Here is a speech she recently gave ( a one minute persuasive speech) to her English class:

Today there is an epidemic in which teen girls are taken over and cannot be saved. This is called the ‘Twilight’ anomaly. In all likelihood there are some of the afflicted among us. I am speaking with sympathy today to those people, as there is but one cure: to realise that Twilight is not the meaning of life.

Let us look at how Stephenie Meyer foists questionable morals on young impressionable girls. She debases love into physical attraction, describes marriage as a means of having one’s selfish desires satisfied, encourages sexism, and makes abusive relationships seem the norm.

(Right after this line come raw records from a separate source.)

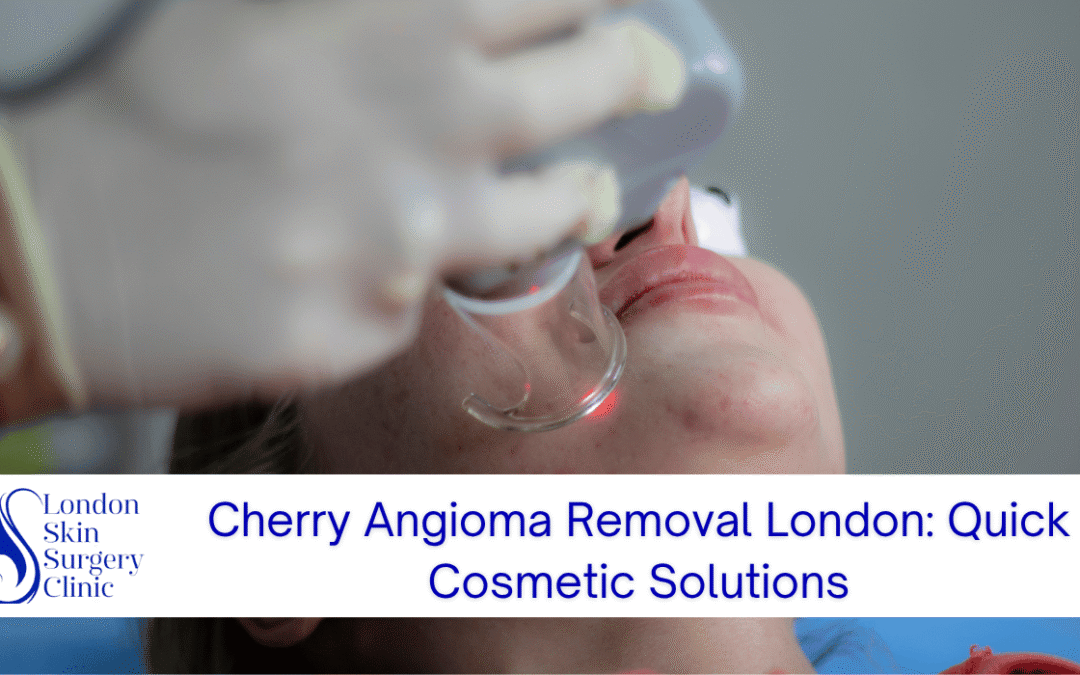 Cherry Angioma Removal London: Quick Cosmetic Solutions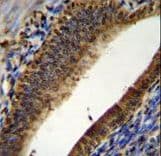 Polyclonal Rabbit anti-Human PTMA / Prothymosin Alpha Antibody (aa1-31, IHC, WB)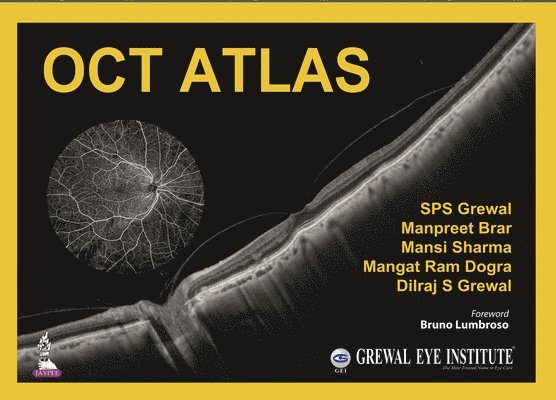 SPS Grewal, Manpreet Brar, Mansi Sharma, Mangat Ram Dogra, Dilraj S Grewal - OCT Atlas, Inbunden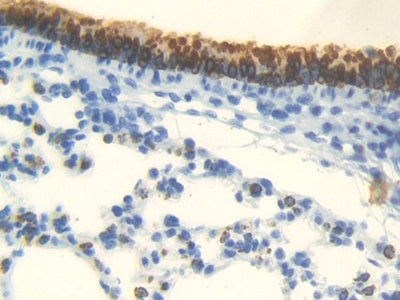 DAB staining on IHC-P; Samples: Mouse Lung Tissue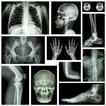 X-RAY Interpretation - cases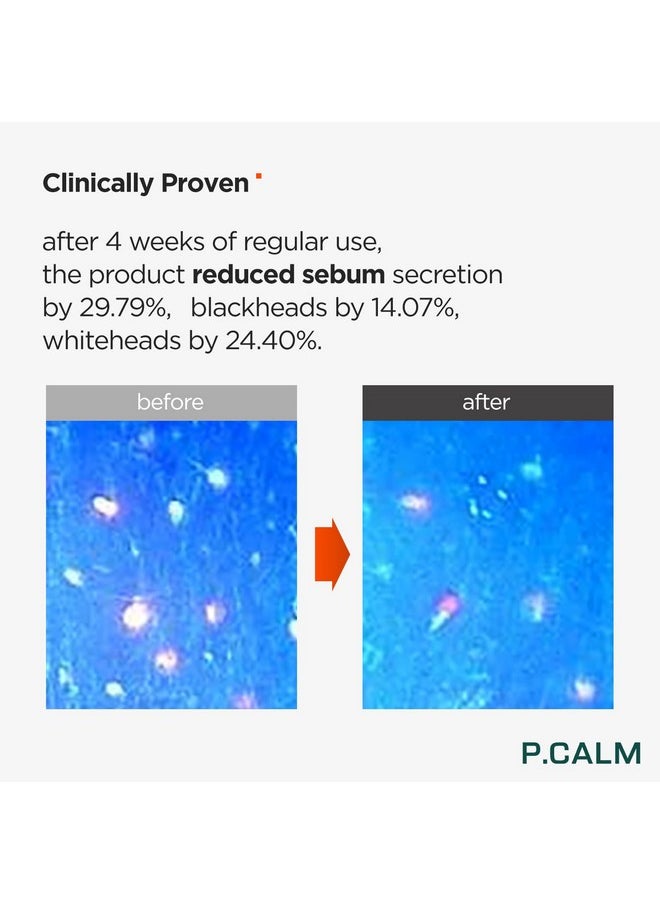 P.CALM Barrier Cycle Toner 200ml | Vegan Alcohol-Free Fragrance-Free Toner for Sensitive Skin | Korean Skincare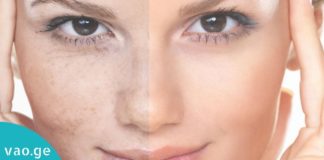 პიგმენტური ლაქების მოსაშორებელი ოთხი ყველაზე კარგი ნიღაბი პროფესიონალი კოსმეტოლოგისგან!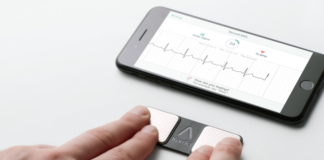AliveCor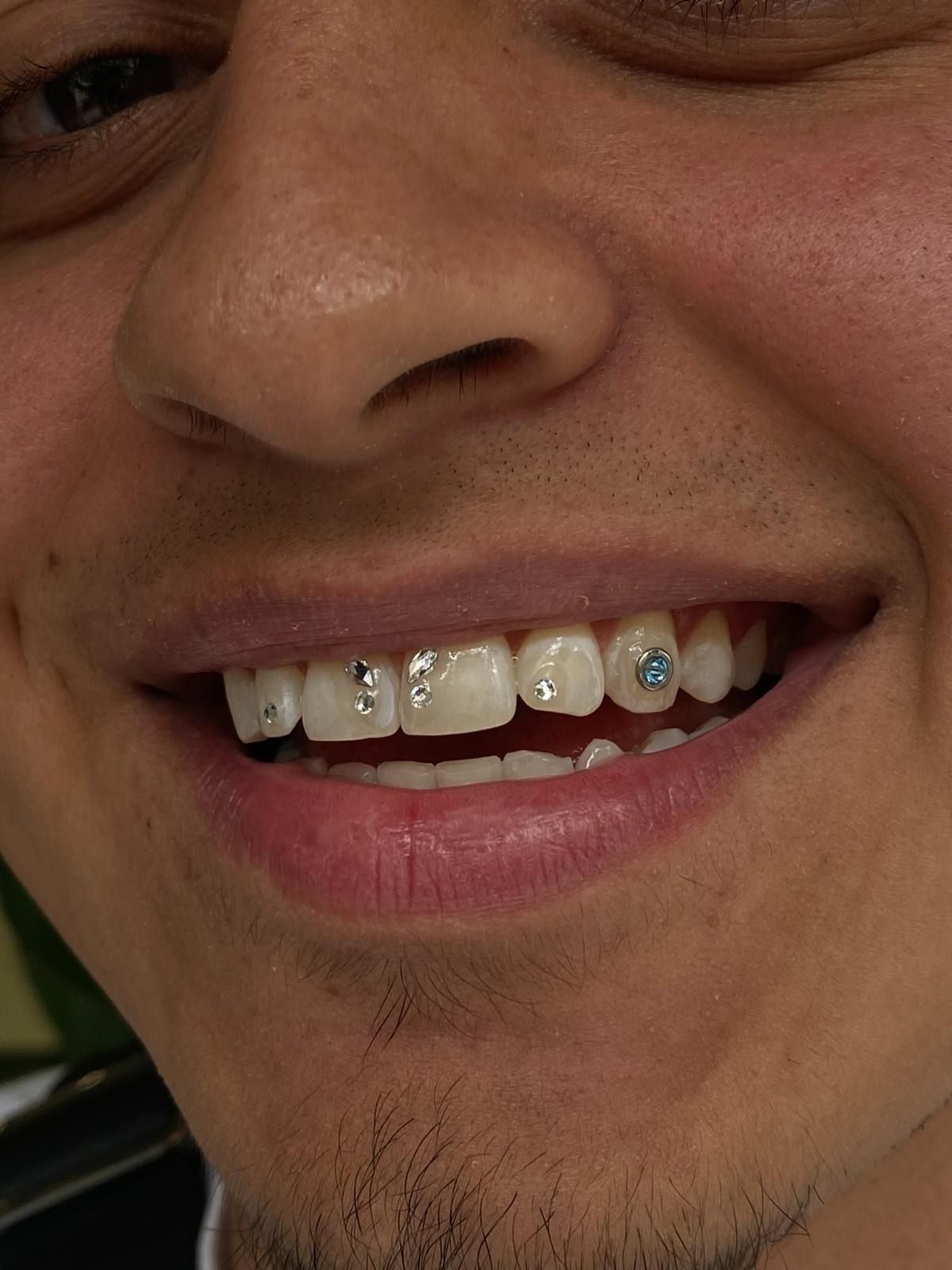 Primer plano de una persona sonriendo, mostrando dientes con múltiples gemas brillantes adheridas.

Over the whole book of Twilight, Edward’s beauty is mentioned 165 times and yet Edward’s personality as a means of attraction is only mentioned four times. A questionable ideal to be displaying.

Bella, not content with Edward promising to be with her for a lifetime, insists on being changed into a vampire and gets married to him only to ensure that immortality is in store for her. Her persistence in the matter of eternal life could equate her to Voldemort.

Sexism and inequality in relationships are displayed as the standard in this piece of immoral literature. Bella is displayed as “weak” and constantly needing male protection. Edward is constantly controlling Bella, and will not let her see certain friends of hers. This gives the two protagonists an uneven, abusive relationship. In addition, Jacob forcibly kisses her, causing Bella to believe that she is in love with him. This is a depiction of a weak female mind, which is a male chauvinistic belief.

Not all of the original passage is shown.